Hóc Môn is a suburban district of Ho Chi Minh City, Vietnam. In 2019, the district had a population of 542,243 and an area of 109 km2.

==Geographical location==
Hóc Môn District borders Củ Chi district to the north, Bình Dương province to the east, District 12 to the south, and Bình Chánh and Bình Tân districts to the west.

==Administration==
Hóc Môn District now consists of the town of Hóc Môn (thị trấn Hóc Môn) and 11 communes (xã):
- Bà Điểm
- Đông Thạnh
- Nhị Bình
- Tân Hiệp
- Tân Thới Nhì
- Tân Xuân
- Thới Tam Thôn
- Trung Chánh
- Xuân Thới Đông
- Xuân Thới Sơn
- Xuân Thới Thượng

==History==
Between 1698 and 1731, some people from the northern and central regions of Vietnam moved to Hóc Môn to escape the constant warfare between the Nguyễn and the Trịnh. At that time, this area was still undeveloped land, with wild animals including tigers roaming free. Because a great deal of taro grew in the swampy areas there, the new settlers called this place "Hóc Môn", meaning "the corner/alley with taro." In 1885 a revolt broke out at the Eighteen Betel Nut Gardens. However, in Khmer language "Hóc Môn" is spelled (by Annamese pronunciation) of "ហុកម៉ូន" (Hok-maun).

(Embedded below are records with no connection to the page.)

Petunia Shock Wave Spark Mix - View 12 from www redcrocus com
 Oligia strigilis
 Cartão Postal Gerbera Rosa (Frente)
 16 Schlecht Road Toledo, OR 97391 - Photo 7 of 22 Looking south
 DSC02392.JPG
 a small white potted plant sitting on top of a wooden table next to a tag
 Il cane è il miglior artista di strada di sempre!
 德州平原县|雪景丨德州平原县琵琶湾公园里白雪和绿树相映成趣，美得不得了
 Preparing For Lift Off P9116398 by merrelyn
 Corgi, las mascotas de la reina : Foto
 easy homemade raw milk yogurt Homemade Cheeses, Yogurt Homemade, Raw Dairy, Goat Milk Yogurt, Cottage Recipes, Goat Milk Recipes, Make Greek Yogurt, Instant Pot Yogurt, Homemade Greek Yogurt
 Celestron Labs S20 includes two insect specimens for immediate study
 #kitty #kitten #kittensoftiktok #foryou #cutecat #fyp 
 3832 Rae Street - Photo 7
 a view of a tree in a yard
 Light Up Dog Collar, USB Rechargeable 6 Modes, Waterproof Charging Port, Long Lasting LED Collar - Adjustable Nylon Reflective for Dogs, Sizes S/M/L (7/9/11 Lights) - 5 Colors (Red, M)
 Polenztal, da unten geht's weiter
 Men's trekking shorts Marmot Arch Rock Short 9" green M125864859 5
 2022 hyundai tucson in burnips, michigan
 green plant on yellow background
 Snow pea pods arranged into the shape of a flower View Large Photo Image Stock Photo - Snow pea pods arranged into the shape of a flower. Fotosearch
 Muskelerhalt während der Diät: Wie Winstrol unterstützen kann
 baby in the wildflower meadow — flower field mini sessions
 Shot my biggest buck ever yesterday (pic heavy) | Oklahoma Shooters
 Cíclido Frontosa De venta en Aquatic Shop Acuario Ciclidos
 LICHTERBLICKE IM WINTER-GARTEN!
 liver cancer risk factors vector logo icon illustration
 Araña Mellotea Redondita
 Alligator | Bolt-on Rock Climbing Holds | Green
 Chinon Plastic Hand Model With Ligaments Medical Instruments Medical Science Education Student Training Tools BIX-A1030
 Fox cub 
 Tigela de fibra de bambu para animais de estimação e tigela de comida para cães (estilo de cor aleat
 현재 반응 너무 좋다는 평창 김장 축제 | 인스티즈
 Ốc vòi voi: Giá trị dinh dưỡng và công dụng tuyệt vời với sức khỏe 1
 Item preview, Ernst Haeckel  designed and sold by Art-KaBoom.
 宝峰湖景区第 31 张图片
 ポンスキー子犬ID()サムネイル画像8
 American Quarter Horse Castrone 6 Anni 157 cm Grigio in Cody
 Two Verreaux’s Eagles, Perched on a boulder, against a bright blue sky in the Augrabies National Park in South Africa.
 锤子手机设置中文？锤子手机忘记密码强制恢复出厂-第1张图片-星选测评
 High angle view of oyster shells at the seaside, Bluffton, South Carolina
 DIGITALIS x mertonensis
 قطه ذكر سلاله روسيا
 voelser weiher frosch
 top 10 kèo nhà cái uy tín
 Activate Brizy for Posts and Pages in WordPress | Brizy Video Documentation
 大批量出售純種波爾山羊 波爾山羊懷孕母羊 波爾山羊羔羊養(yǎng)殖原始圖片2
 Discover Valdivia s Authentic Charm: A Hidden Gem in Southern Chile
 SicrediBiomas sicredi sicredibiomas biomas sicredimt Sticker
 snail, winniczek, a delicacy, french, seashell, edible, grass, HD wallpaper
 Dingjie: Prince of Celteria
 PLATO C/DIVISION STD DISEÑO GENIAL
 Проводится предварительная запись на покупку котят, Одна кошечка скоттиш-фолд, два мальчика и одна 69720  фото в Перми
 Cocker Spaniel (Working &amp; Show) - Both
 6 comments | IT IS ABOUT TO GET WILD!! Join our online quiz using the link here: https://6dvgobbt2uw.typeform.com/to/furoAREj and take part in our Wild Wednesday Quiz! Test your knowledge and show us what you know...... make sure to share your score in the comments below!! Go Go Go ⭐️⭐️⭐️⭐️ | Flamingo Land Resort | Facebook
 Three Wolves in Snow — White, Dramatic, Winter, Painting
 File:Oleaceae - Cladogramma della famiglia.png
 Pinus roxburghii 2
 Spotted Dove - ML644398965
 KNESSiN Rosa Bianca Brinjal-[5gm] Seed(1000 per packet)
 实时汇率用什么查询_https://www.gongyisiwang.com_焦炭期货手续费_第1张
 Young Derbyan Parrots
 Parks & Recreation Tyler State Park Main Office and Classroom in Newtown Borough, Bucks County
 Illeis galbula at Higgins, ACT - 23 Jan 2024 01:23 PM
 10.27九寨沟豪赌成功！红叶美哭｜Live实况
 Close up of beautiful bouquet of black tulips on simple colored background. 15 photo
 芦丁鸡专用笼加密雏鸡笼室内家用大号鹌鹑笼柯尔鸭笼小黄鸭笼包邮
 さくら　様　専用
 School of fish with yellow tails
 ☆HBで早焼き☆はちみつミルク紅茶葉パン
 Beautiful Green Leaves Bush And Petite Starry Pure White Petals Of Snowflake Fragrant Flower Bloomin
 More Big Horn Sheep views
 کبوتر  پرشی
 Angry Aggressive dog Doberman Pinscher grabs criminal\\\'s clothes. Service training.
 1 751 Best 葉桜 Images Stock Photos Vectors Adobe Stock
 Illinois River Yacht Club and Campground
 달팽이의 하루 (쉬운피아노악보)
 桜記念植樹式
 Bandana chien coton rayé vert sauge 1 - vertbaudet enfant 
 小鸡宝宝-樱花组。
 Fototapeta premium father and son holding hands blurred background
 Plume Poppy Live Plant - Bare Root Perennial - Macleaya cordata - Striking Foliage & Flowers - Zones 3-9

The Giồng T-road junction (ngã ba Giồng) at Hóc Môn is a road intersection where many anticolonial prisoners were executed by French firing squads, including Phan Đăng Lưu, Hà Huy Tập, Nguyễn Thị Minh Khai, Võ Văn Tần and Nguyễn Văn Cừ on 28 August 1941.

In April 1997, seven communes split to create District 12: Thạnh Lộc, An Phú Đông, Tân Thới Hiệp, Đông Hưng Thuận, Tân Thới Nhất, a piece of Tân Chánh Hiệp and a piece of Trung Mỹ Tây.